Only some lines are wanted: please transcribe exactly those from the one containing "2024 Nissan Frontier Sv 4X2" through the end of the data, pictures excluded.

*** Opening INFORMATION SHOWN ***

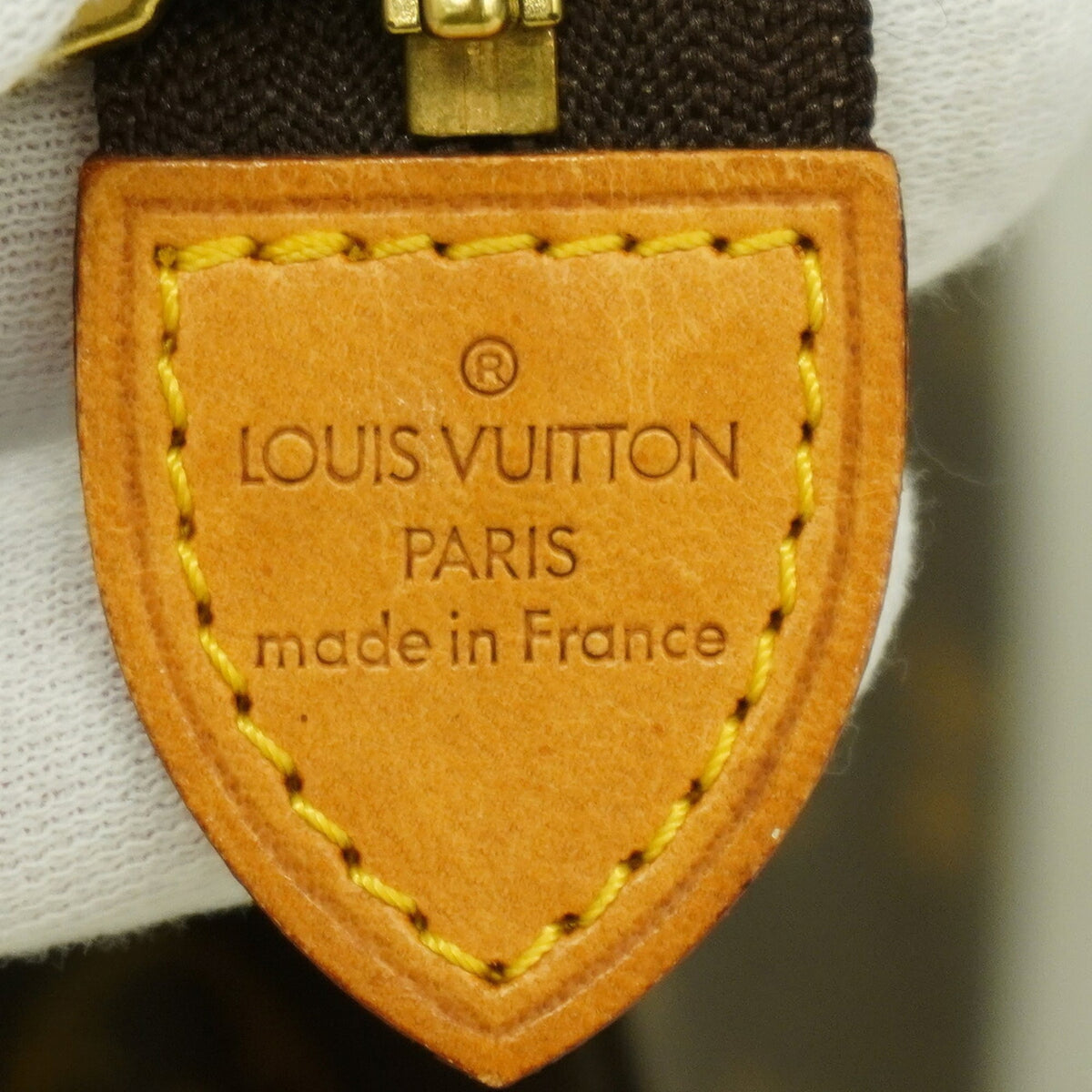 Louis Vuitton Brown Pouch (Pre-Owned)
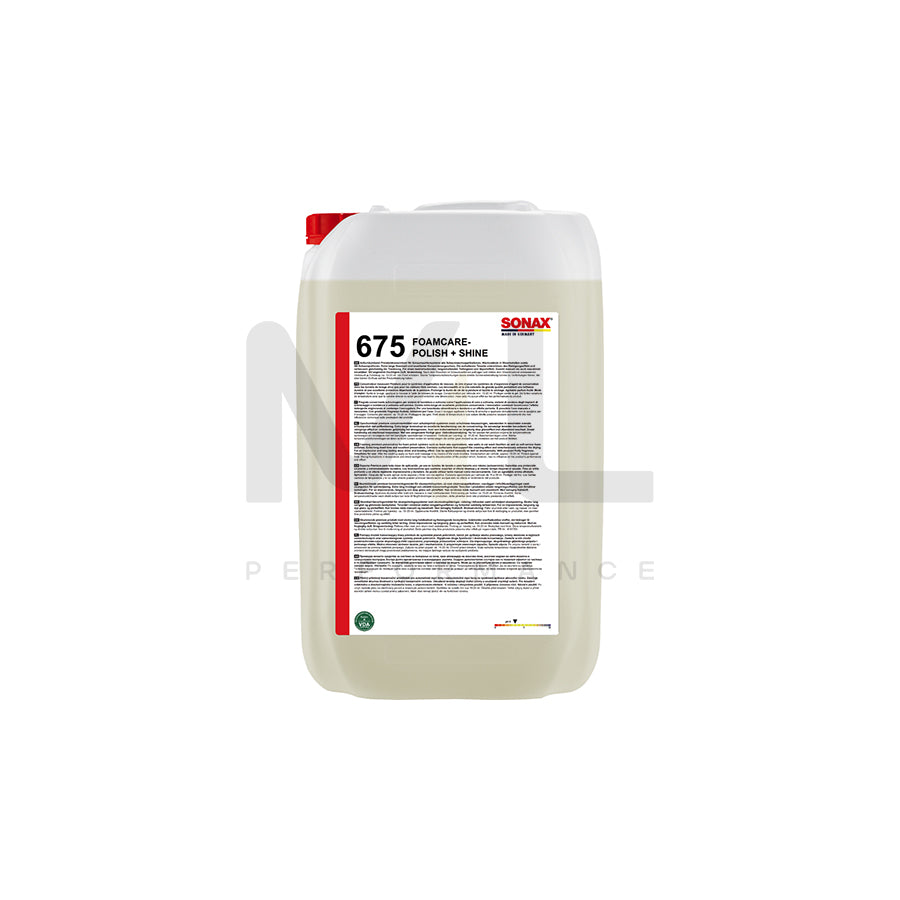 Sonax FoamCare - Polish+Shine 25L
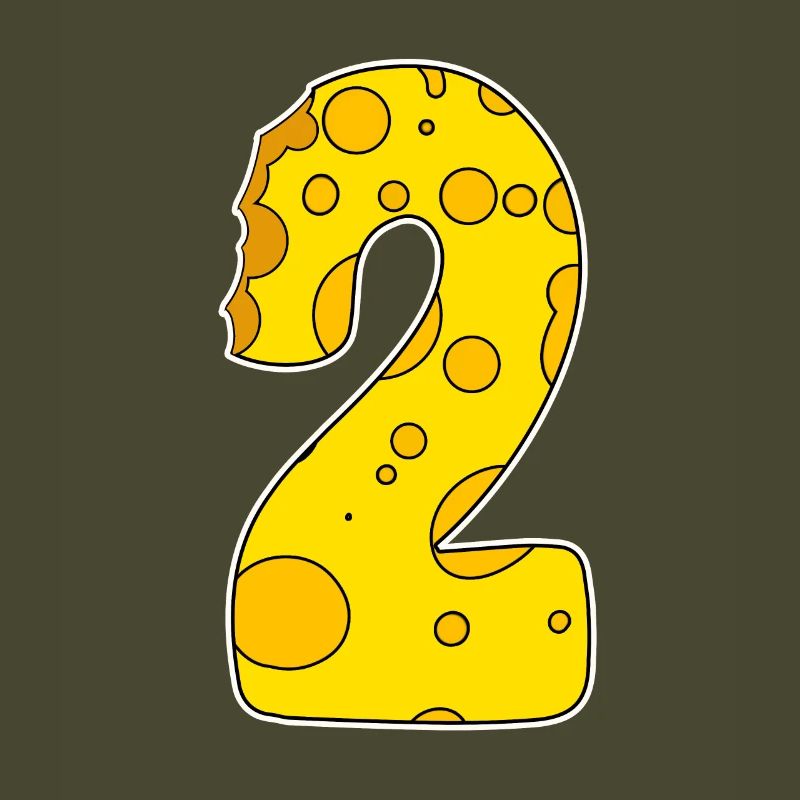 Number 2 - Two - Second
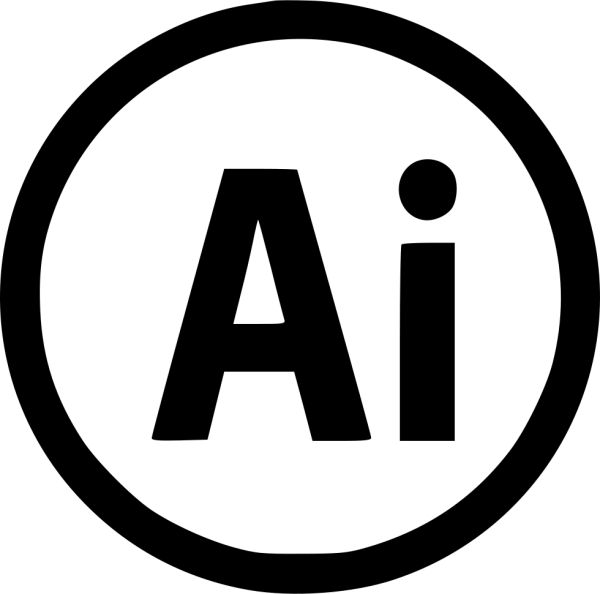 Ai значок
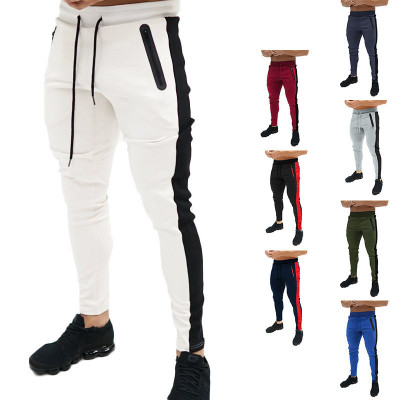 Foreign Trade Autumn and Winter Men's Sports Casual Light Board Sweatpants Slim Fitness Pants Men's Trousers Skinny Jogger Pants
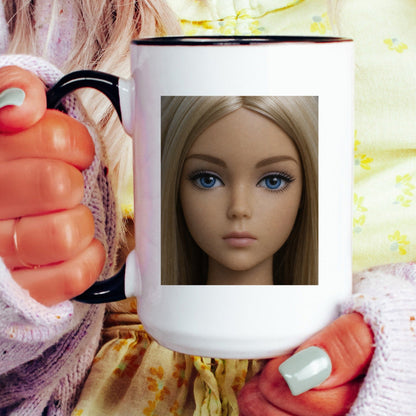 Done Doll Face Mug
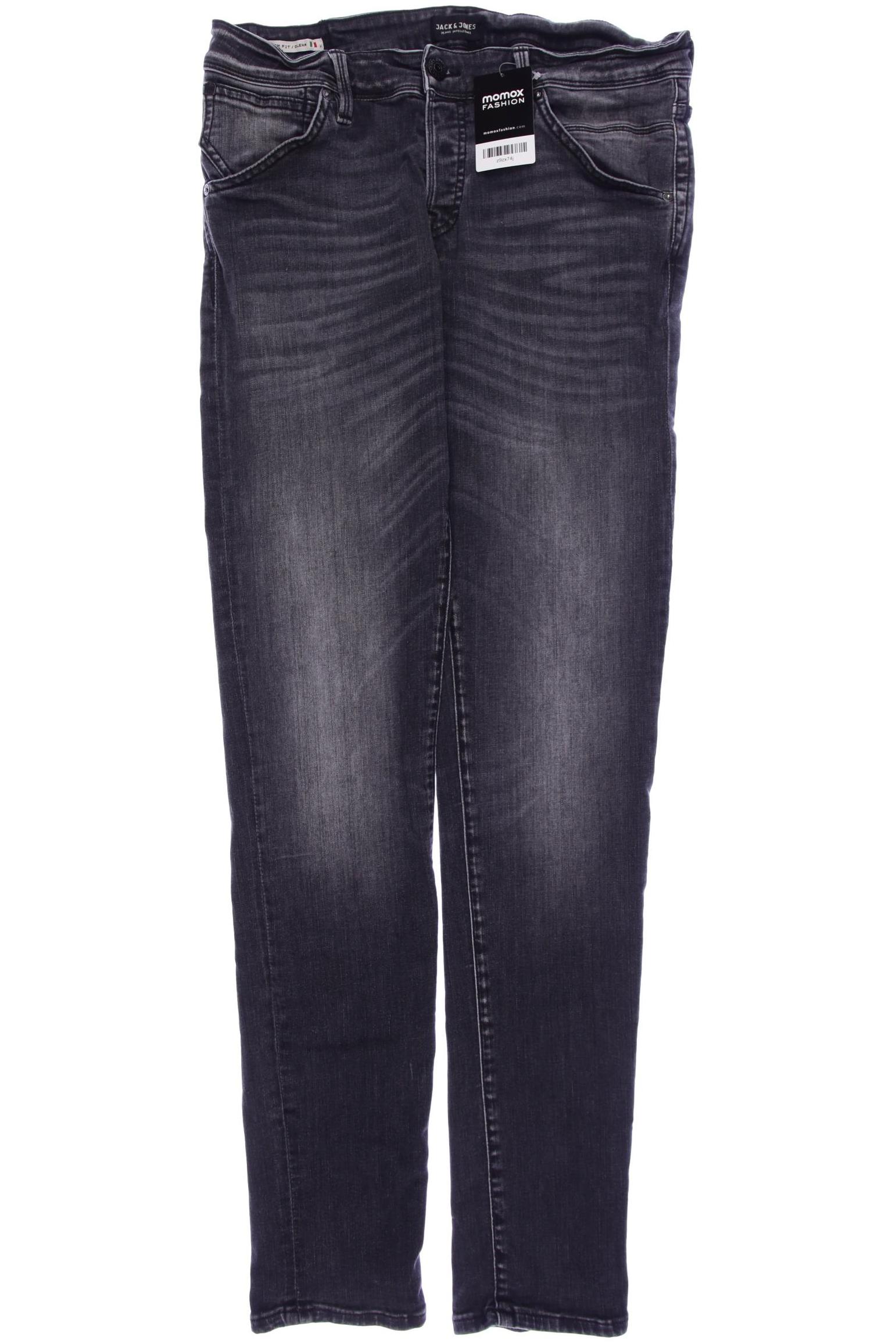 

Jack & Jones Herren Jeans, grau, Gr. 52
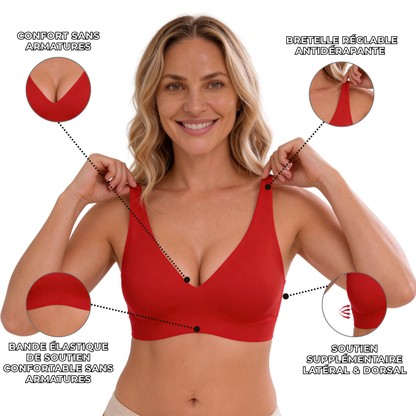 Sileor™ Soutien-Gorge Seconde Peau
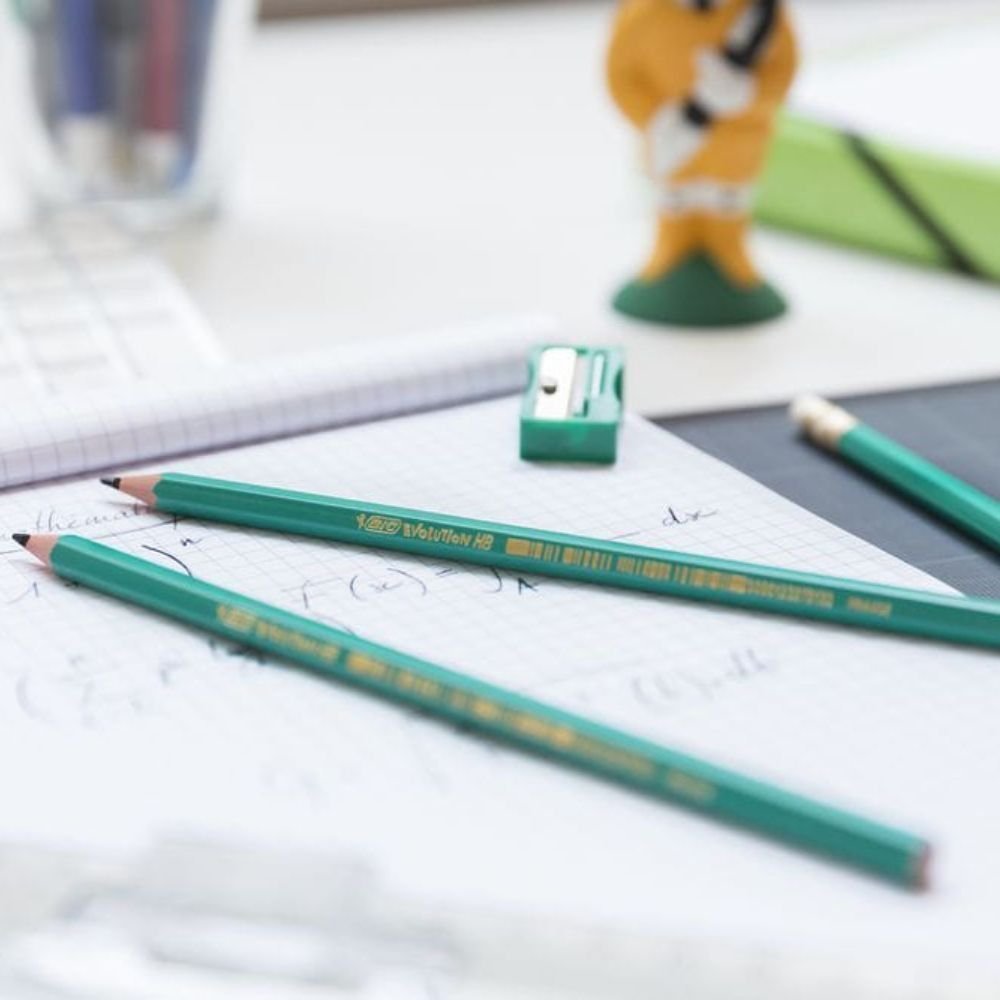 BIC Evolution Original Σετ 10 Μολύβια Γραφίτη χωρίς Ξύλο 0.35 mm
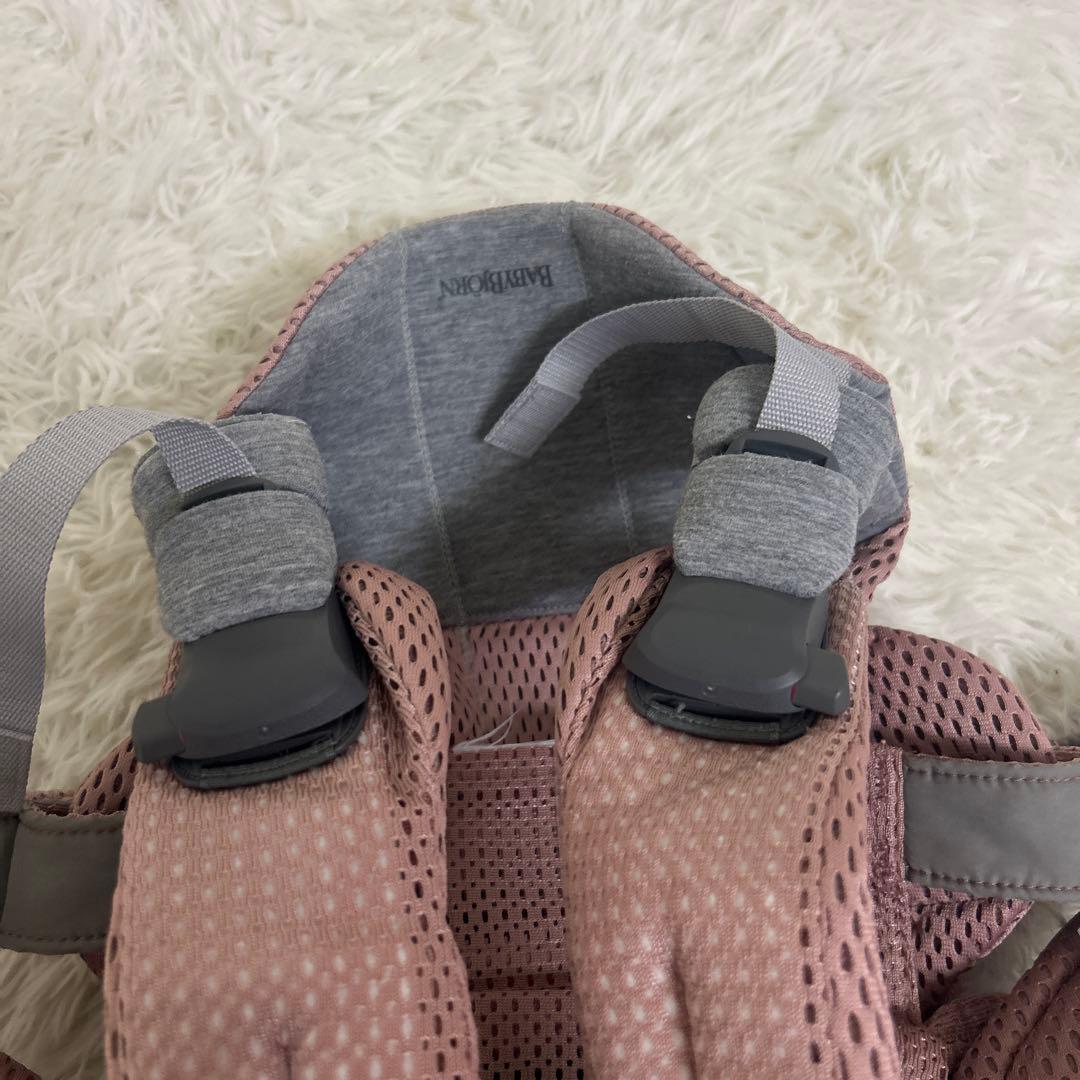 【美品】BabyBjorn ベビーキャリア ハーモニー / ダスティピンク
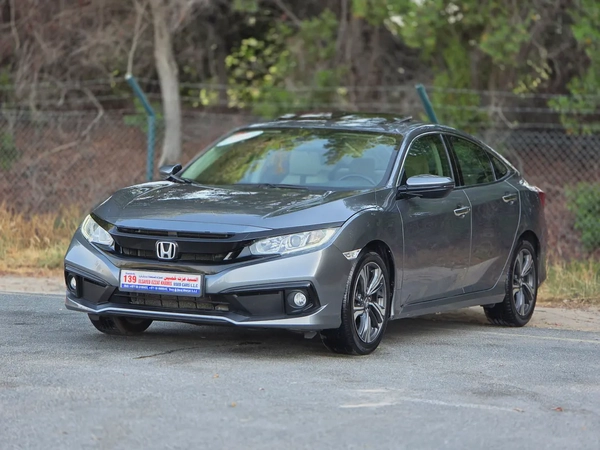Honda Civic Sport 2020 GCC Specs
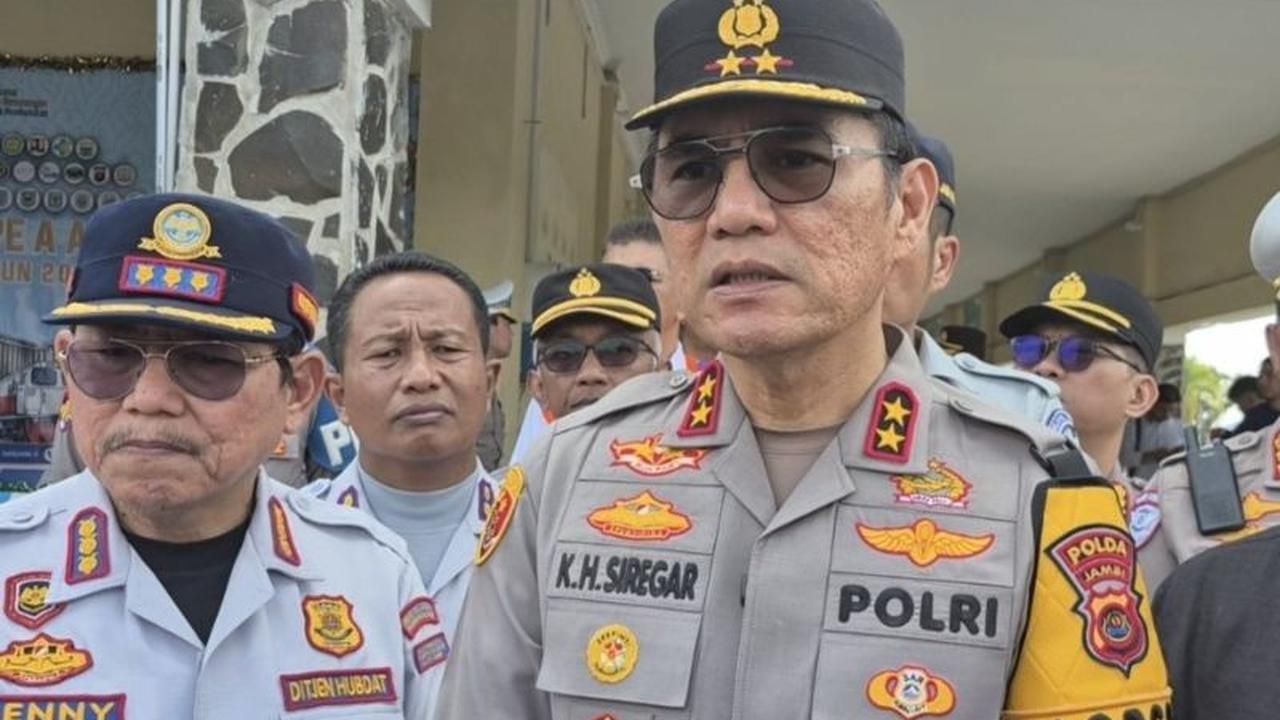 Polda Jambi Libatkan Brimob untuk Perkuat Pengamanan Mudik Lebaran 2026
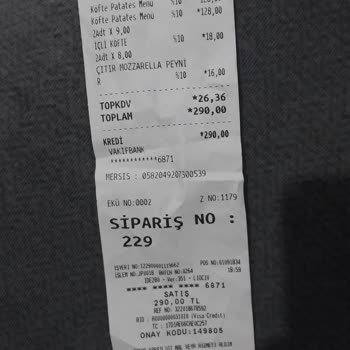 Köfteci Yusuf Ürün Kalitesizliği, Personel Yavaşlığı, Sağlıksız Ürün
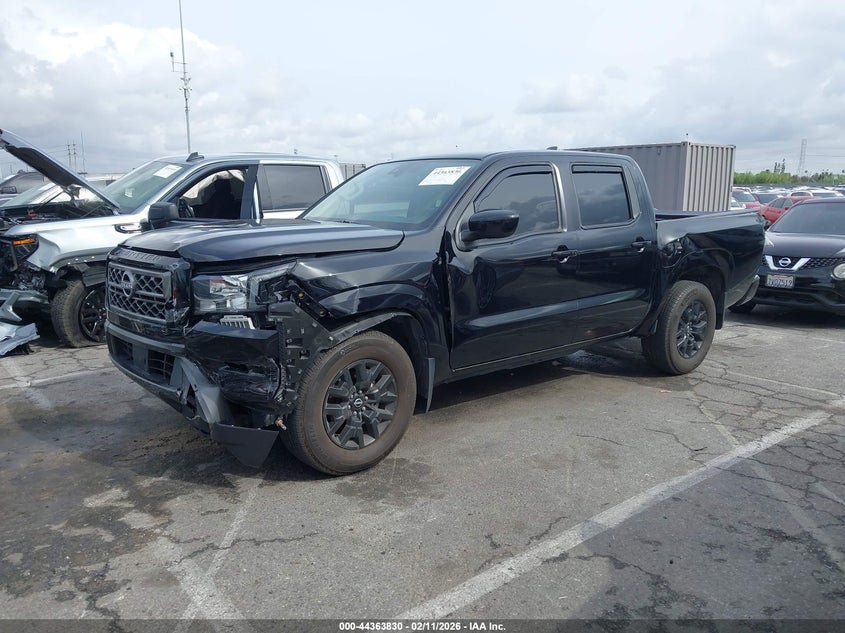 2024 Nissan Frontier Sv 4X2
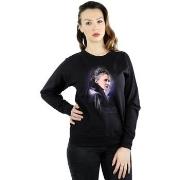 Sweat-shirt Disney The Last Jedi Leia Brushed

*** Closing INFORMATION SHOWN ***

**SOLUTION BELOW:**
 2024 Nissan Frontier Sv 4X2
 Sweat-shirt Disney The Last Jedi Leia Brushed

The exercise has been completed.